REQUIREMENT
Output all of the data exactly as it appears, but leave out any pictures it contains.

DATA SHOWN
[Start of Attachment]

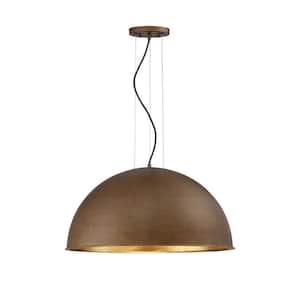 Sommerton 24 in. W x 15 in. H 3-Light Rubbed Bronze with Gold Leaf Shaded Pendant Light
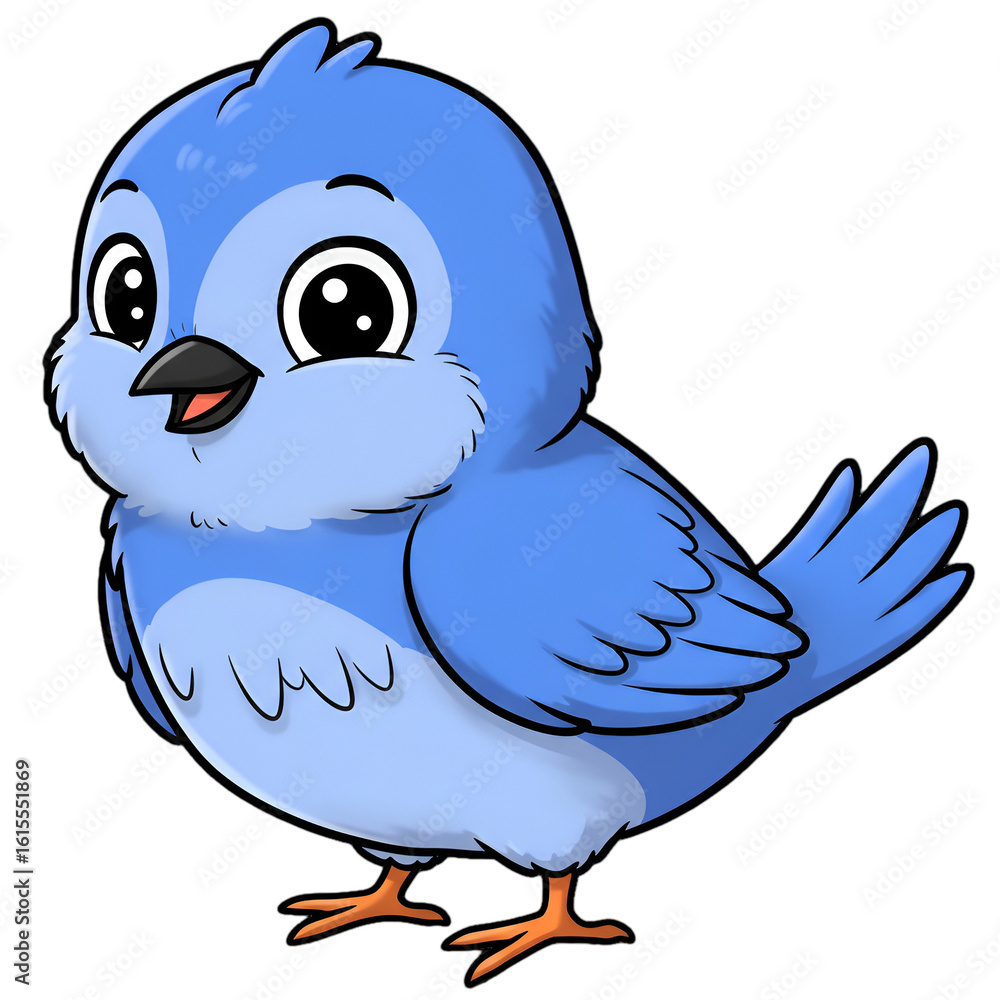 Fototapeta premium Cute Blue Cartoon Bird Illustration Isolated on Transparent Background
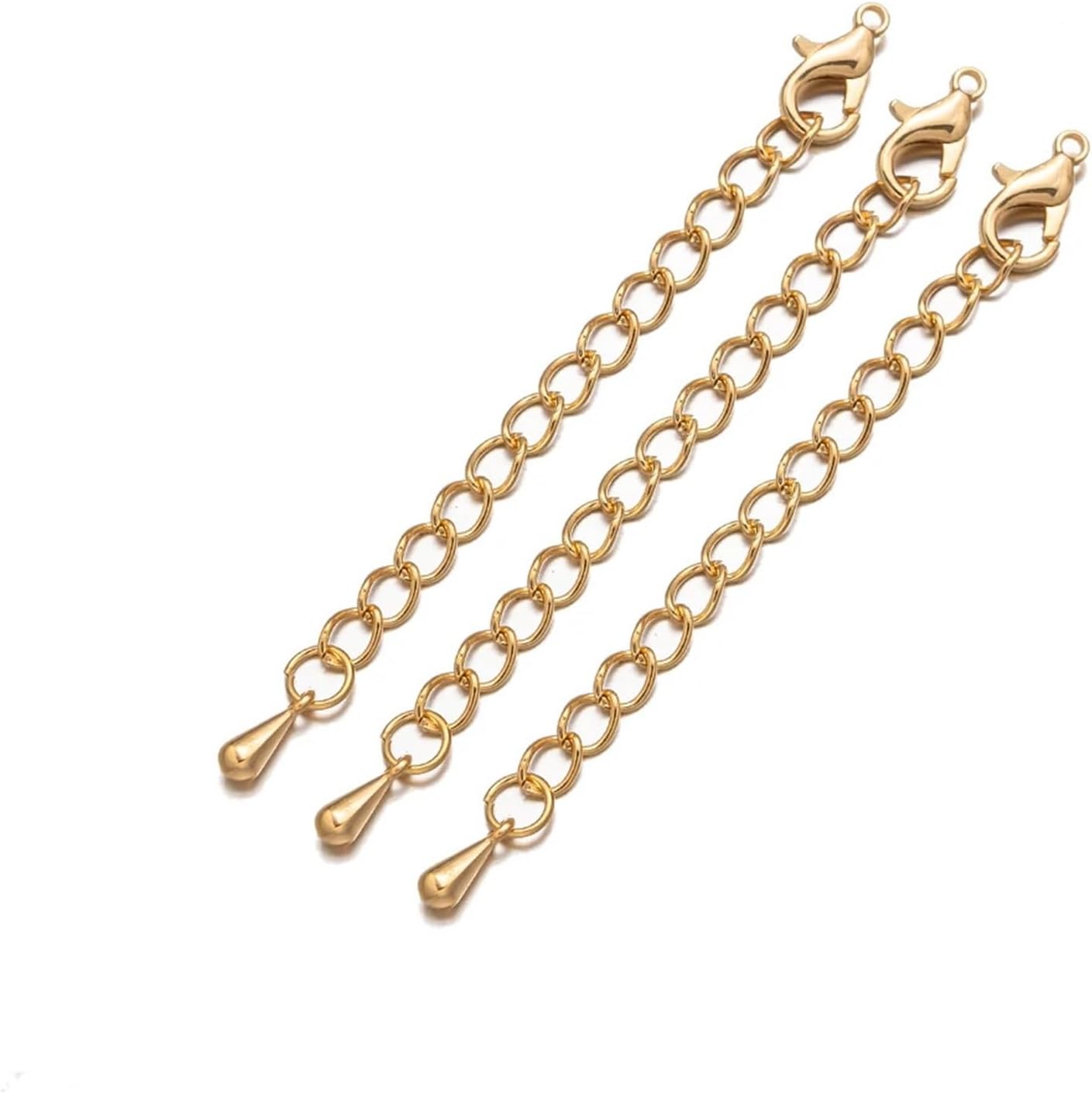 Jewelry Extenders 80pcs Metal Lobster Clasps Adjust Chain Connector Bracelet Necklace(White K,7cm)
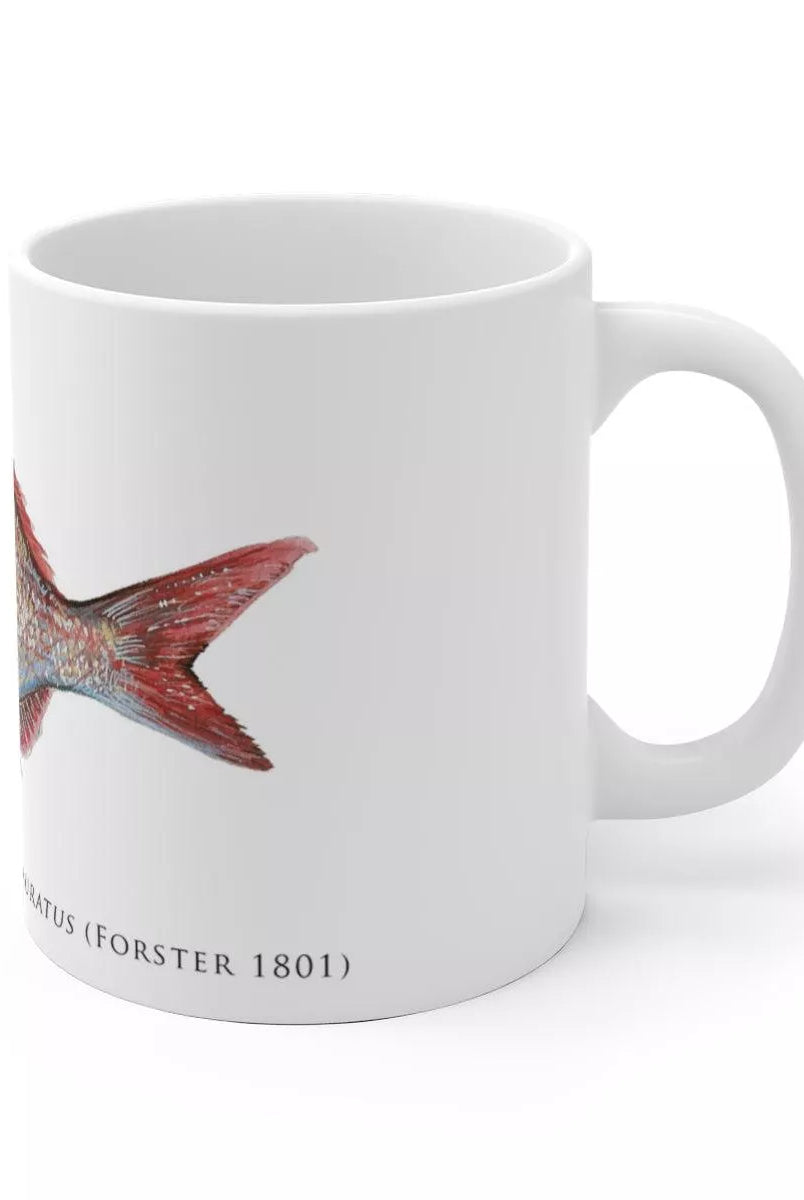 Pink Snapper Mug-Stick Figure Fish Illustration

[End of Attachment]

WORKED SOLUTION
 Sommerton 24 in. W x 15 in. H 3-Light Rubbed Bronze with Gold Leaf Shaded Pendant Light
 Fototapeta premium Cute Blue Cartoon Bird Illustration Isolated on Transparent Background
 Jewelry Extenders 80pcs Metal Lobster Clasps Adjust Chain Connector Bracelet Necklace(White K,7cm)
 Pink Snapper Mug-Stick Figure Fish Illustration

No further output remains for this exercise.